WHAT THE EXERCISE ASKS: Please transcribe the data below in full, word for word, without the images.

EXERCISE DATA:
Start of Block
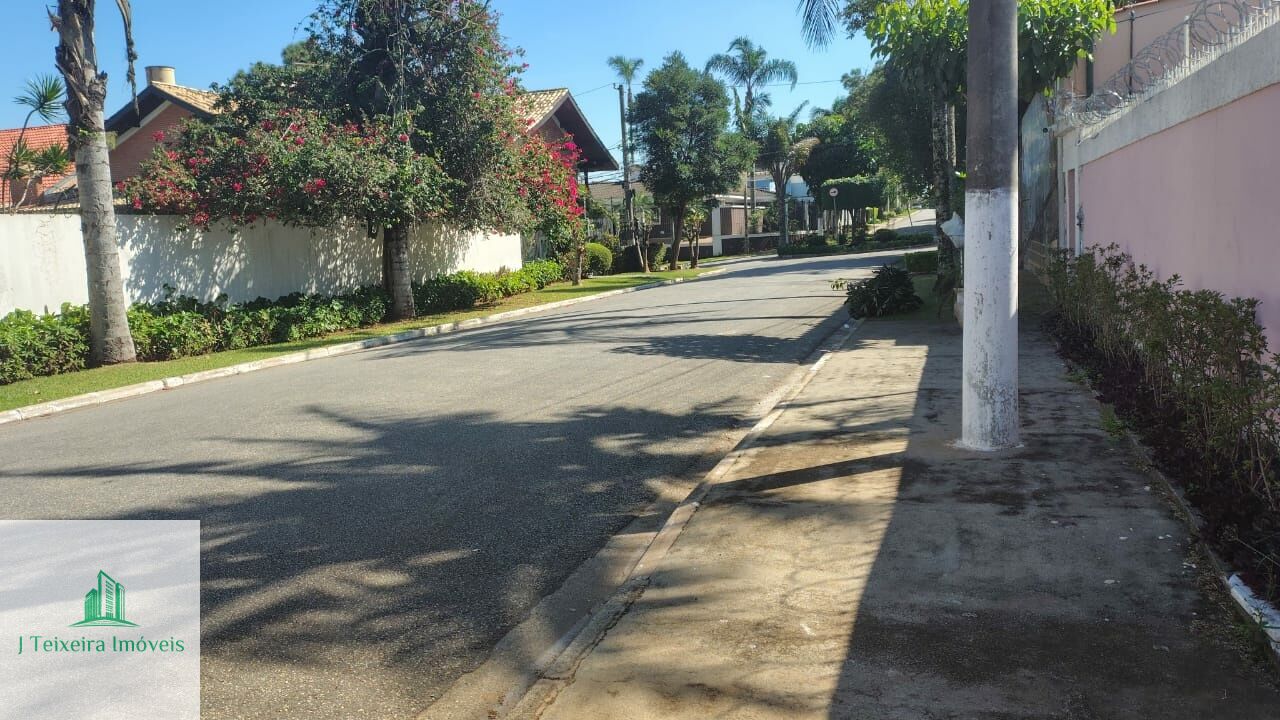 Casa de Vila para Venda - Interlagos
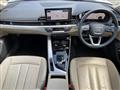 2023 Audi A4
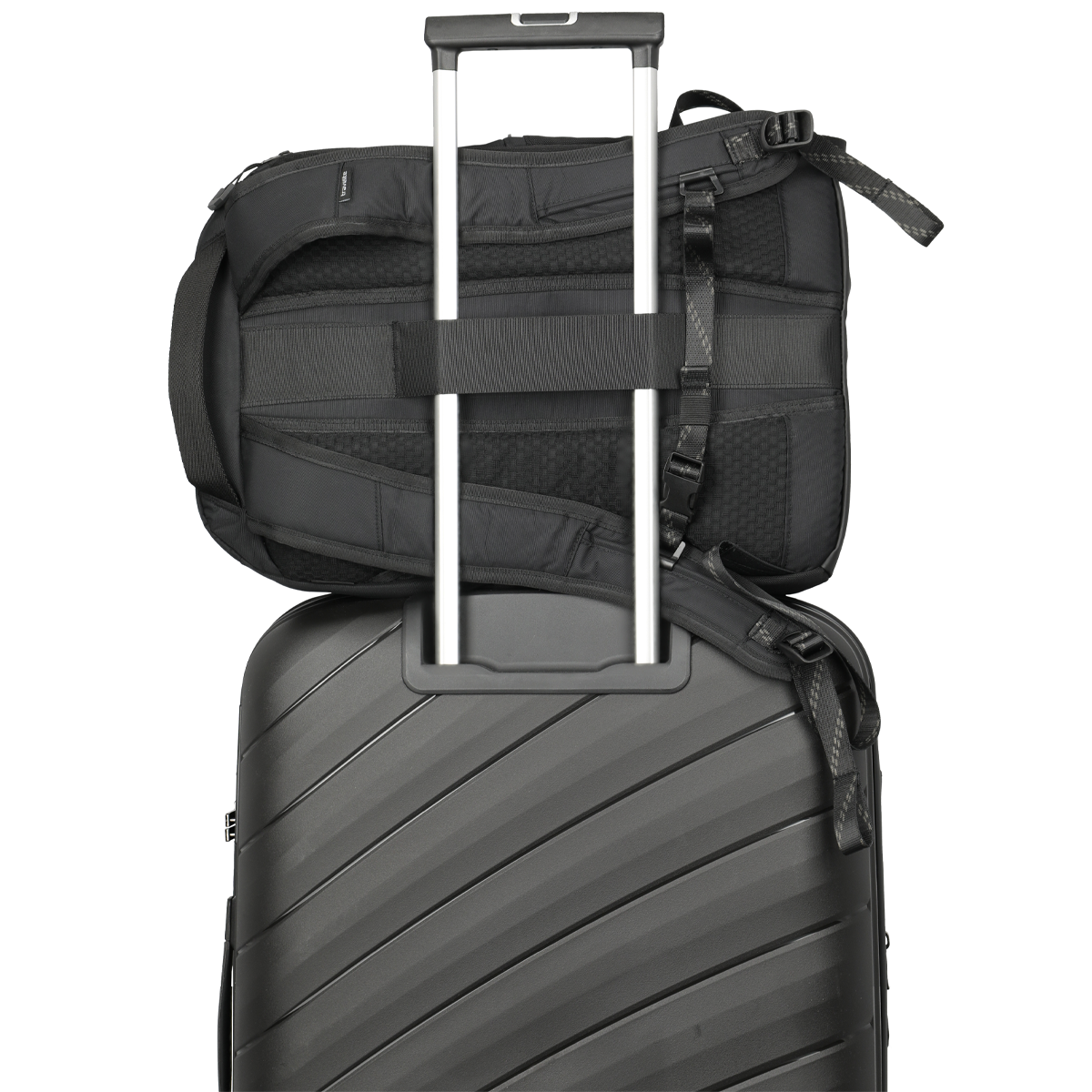 Venture Line Backpack M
End of Block
ANSWER SECTION:
 Casa de Vila para Venda - Interlagos
 2023 Audi A4
 Venture Line Backpack M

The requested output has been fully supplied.